C# 6.0's new Dictionary Initializer - Clarification


I've read that :

The team have generally been busy implementing other variations on initializers. For example you can now initialize a Dictionary object

But looking at :

var Dic = new Dictionary<string,int>{ {"x",3}, {"y",7} };

vs.

var Dic = new Dictionary<string,int>{ ["x"]=3, ["y"]=7 };

I don't see where the benefit is. It looks the same. Both are nothing more than a name-value collection.
They swapped pairs of curly braces for pairs of square brackets and some commas

Question:

What is the added value for using the new syntax ? A real world example would be much appreciated.


Solution

  • The main advantage here with a dictionary is consistency. With a dictionary, initialization did not look the same as usage.

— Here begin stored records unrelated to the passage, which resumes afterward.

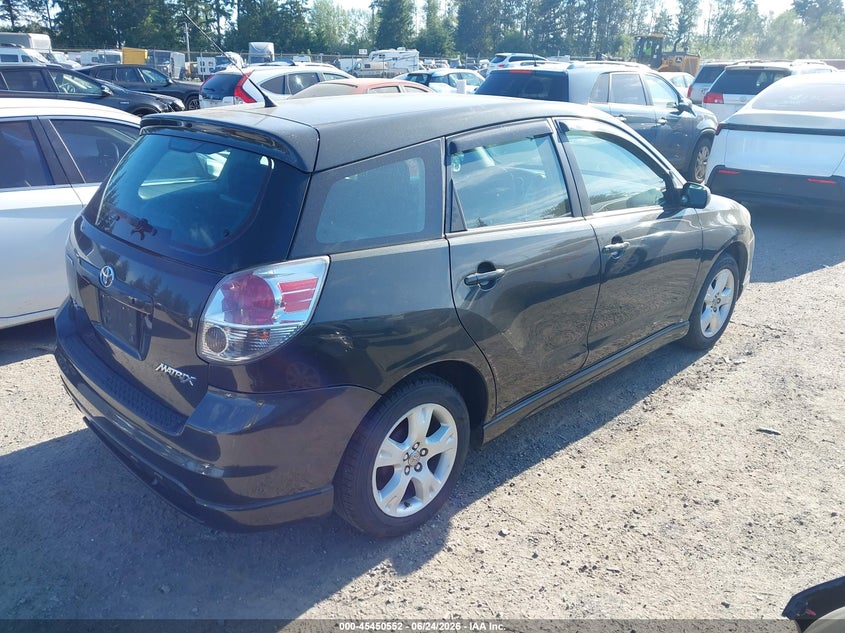 2006 TOYOTA MATRIX auction photo 4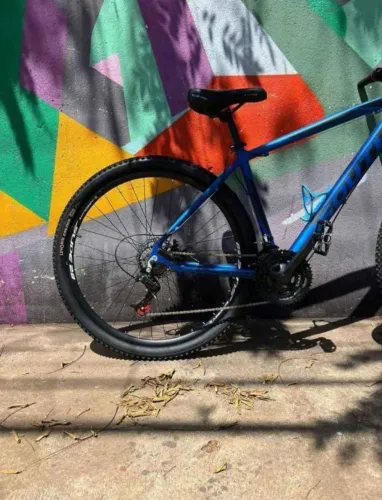 Bicicleta aro 29 azul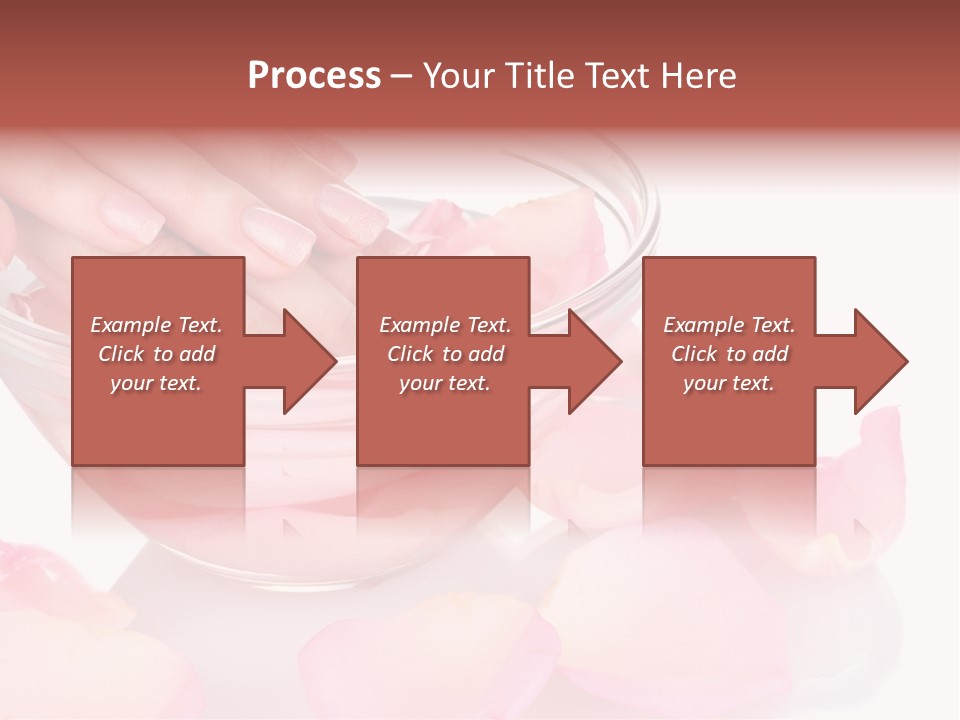 Wellness Female Wet PowerPoint Template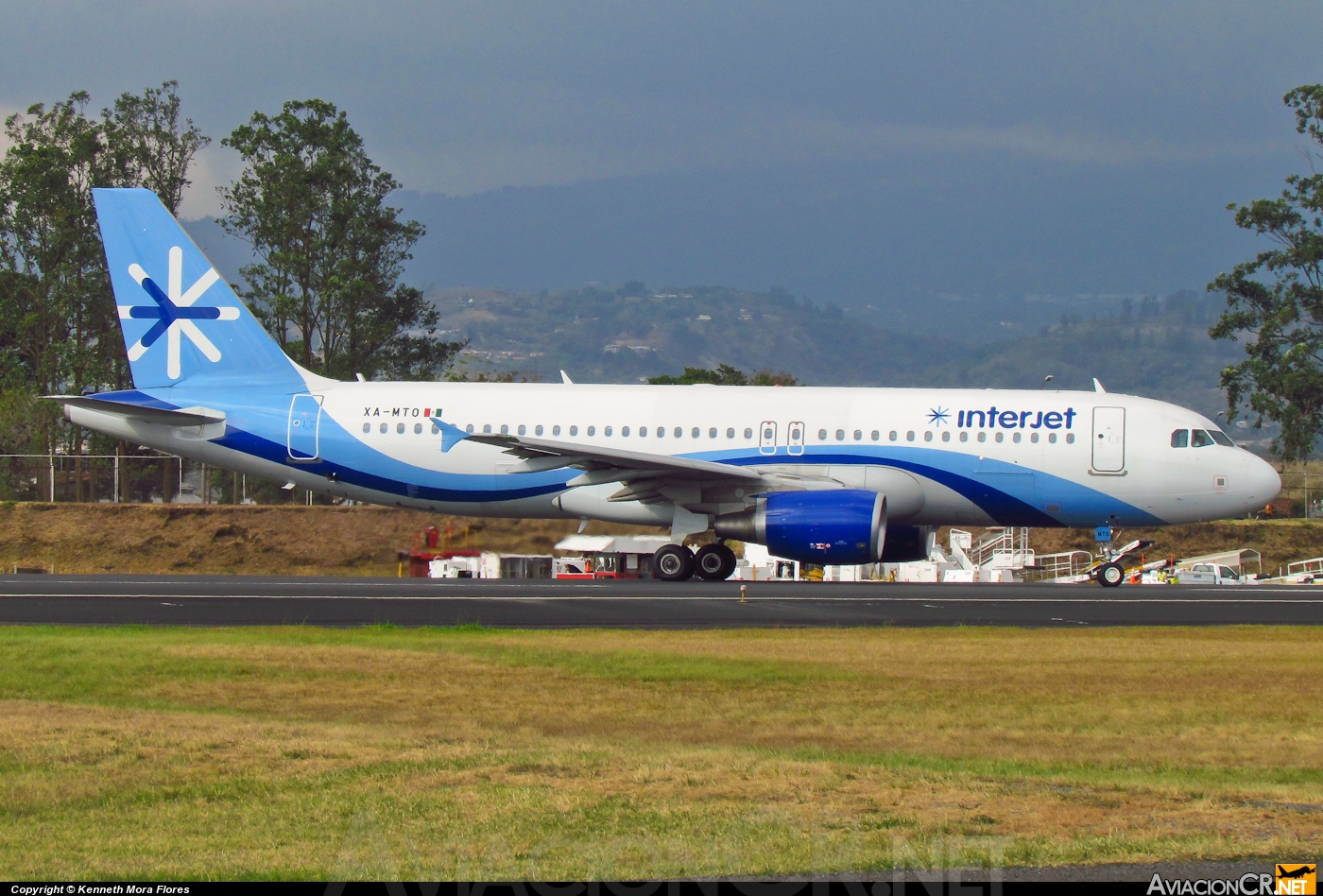 XA-MTO - Airbus A320-214 - Interjet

    For example, you could do:

    var dict = new Dictionary<int,string>();
    dict[3] = "foo";
    dict[42] = "bar";
    

    But using initialization syntax, you had to use braces:

    var dict = new Dictionary<int,string>
    {
        {3, "foo"},
        {42, "bar"}
    };
    

    The new C# 6 index initialization syntax makes initialization syntax more consistent with index usage:

    var dict = new Dictionary<int,string>
    { 
        [3] = "foo",
        [42] = "bar"
    };
    

    However, a bigger advantage is that this syntax also provides the benefit of allowing you to initialize other types. Any type with an indexer will allow initialization via this syntax, where the old collection initializers only works with types that implement IEnumerable<T> and have an Add method. That happened to work with a Dictionary<TKey,TValue>, but that doesn't mean that it worked with any index based type.